President Obama’s “Task Force on 21st Century Policing” released its recommendations March 2, many of which highlighted the unique problems faced by people with disabilities in interactions with law enforcement.

“Many excellent and specific suggestions emerged from these listening sessions on all facets of policing in the 21st century, but many questions arose as well,” the task force, created in response to the Michael Brown and Eric Garner protests, wrote in the report’s introduction. “Paramount among them was how to bring unity of purpose and consensus on best practices to a nation with 18,000 separate law enforcement agencies and a strong history of a preference for local control of local issues.

“It became very clear that it is time for a comprehensive and multifaceted examination of all the interrelated parts of the criminal justice system and a focused investigation into how poverty, lack of education, mental health, and other social conditions cause or intersect with criminal behavior.”

The report includes 59 specific recommendations, tackling everything from officers’ use-of-force policies, to public oversight, to community policing techniques.

Among these recommendations, the task force called on law enforcement to adopt and enforce policies eliminating profiling and discrimination based on disability. Special emphasis was placed on the importance of deescalating potentially dangerous situations.

“Paramount among the policies of law enforcement organizations are those controlling use of force,” the report stated. “Not only should there be policies for deadly and non-deadly uses of force but a clearly stated ‘sanctity of life’ philosophy should be at the forefront of every officer’s mind.”

In addition, the report called on police agencies to “adopt the use of new technologies to help them better serve people with disabilities.”

In regard to policing in schools, the report recommended that law enforcement officials work with educators to expand alternatives to student suspensions and expulsions, by reducing the use of zero tolerance policies and other such harsh measures. Studies have shown that students with disabilities are overwhelmingly more likely to be subject to such penalties than their peers.

President Obama created the task force in an executive order signed December 18, 2014. The report was assembled over 90 days, with the support of seven listening sessions around the country, as well as meeting with a variety of other interested parties.

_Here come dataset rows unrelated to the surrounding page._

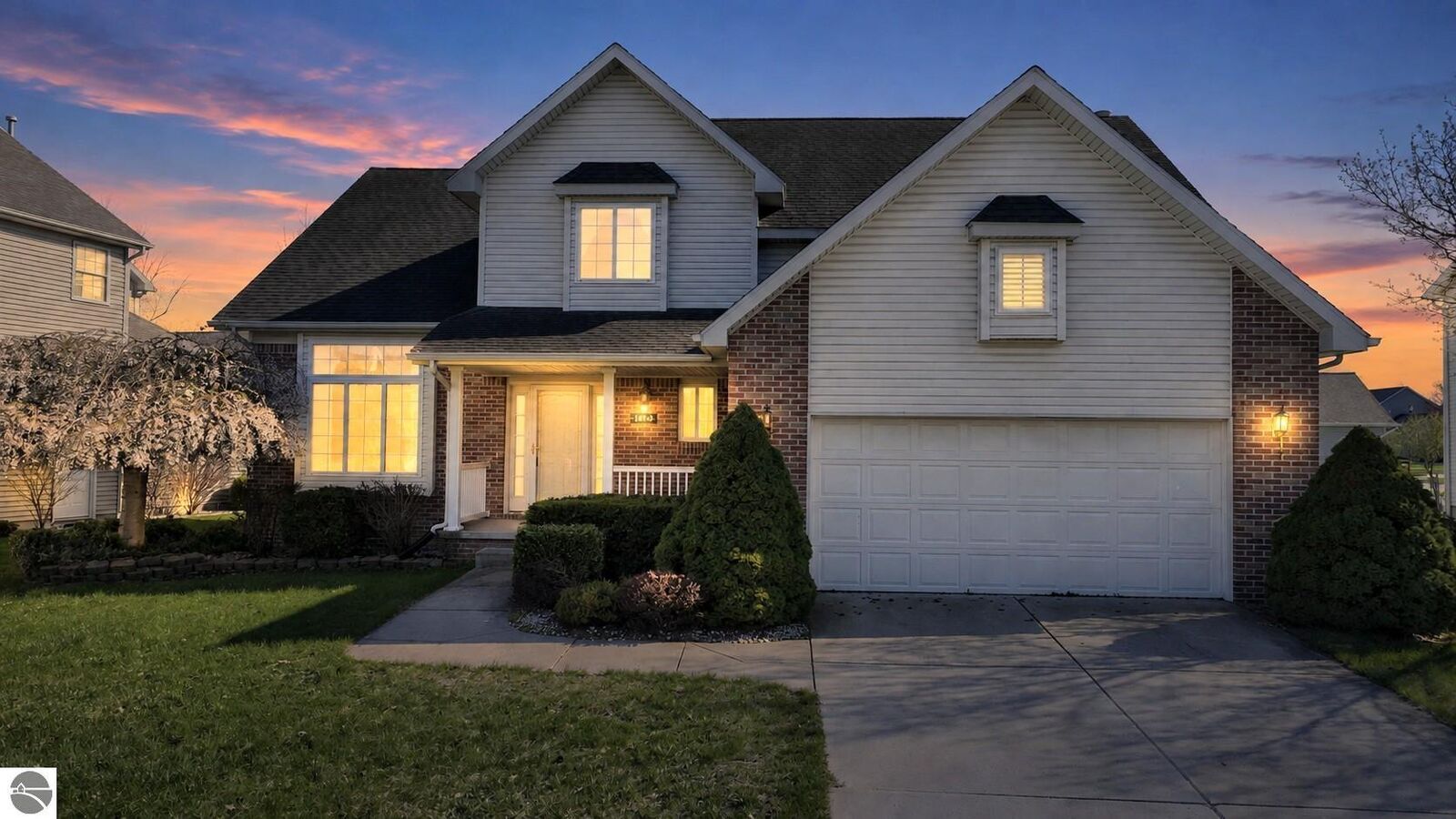 Property Photo:  1408 Abbey Lane  MI 48858 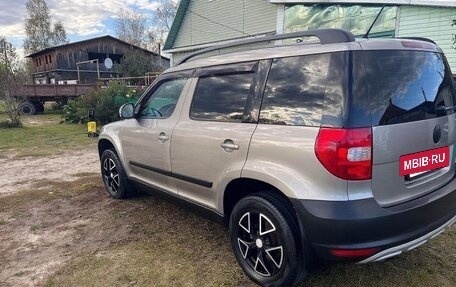 Skoda Yeti I рестайлинг, 2011 год, 612 000 рублей, 19 фотография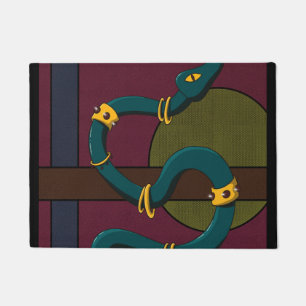Felpudo Pegatina Carré Snake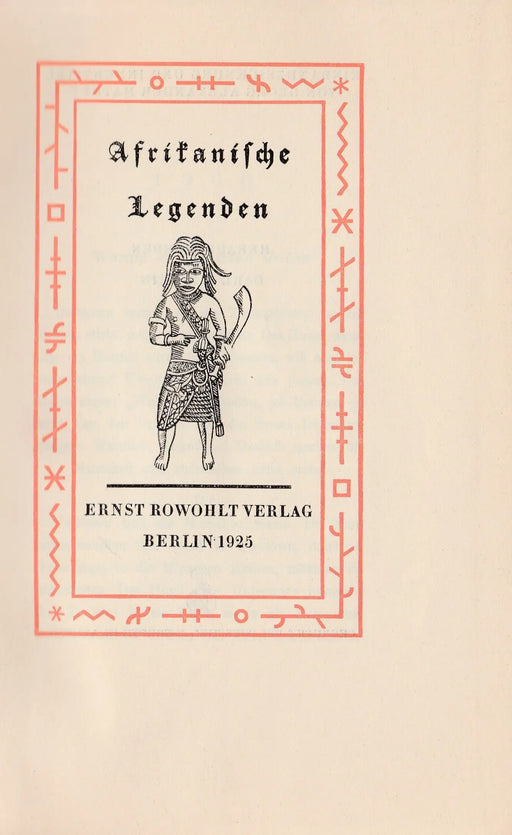 Afrikanische Legenden - Oskola Antikvárium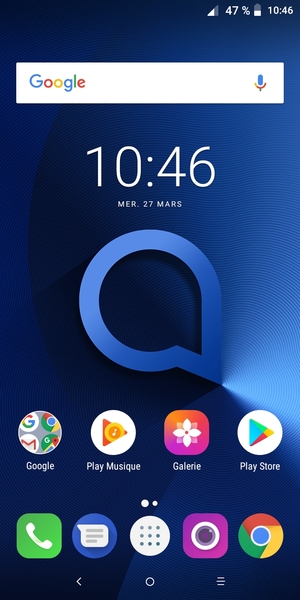 Sélectionnez Play Store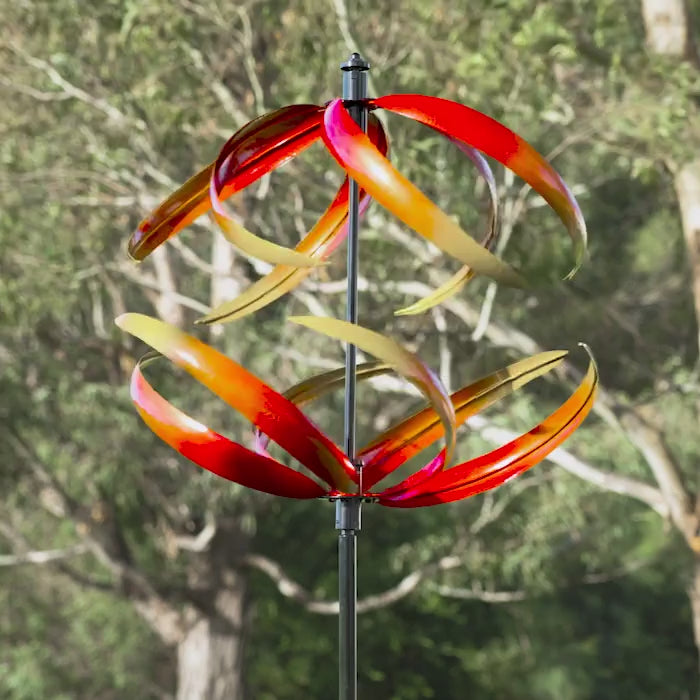 Wind Spinner East West Flame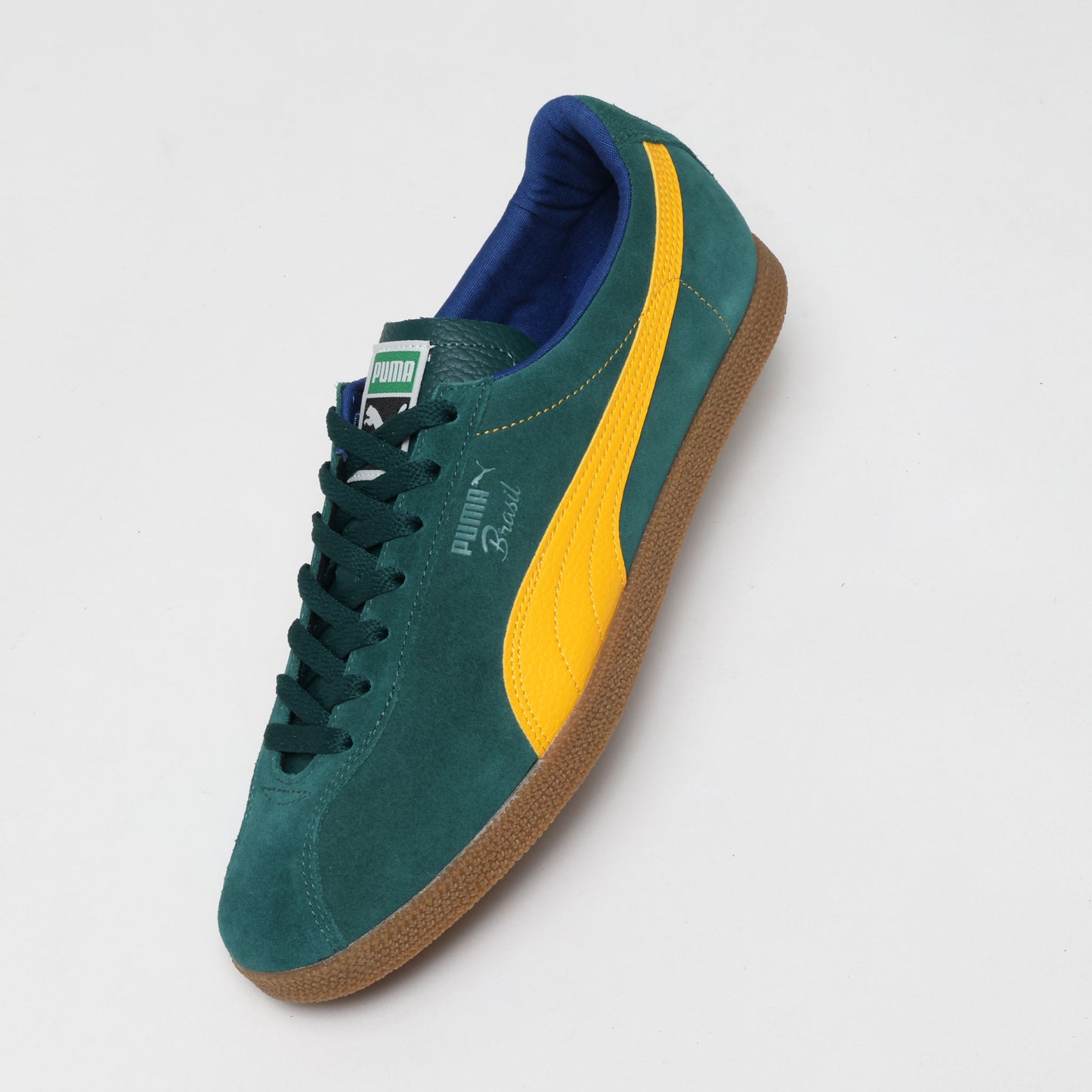 PUMA BRASIL DARK MYRTLE-GUM 403246-01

“When any part of the American family does not feel like it is being treated fairly, that’s a problem for all of us,” President Obama said at the signing ceremony.“ It’s not just a problem for some. It’s not just a problem for a particular community or a particular demographic. It means that we are not as strong as a country as we can be. And when applied to the criminal justice system, it means we’re not as effective in fighting crime as we could be.”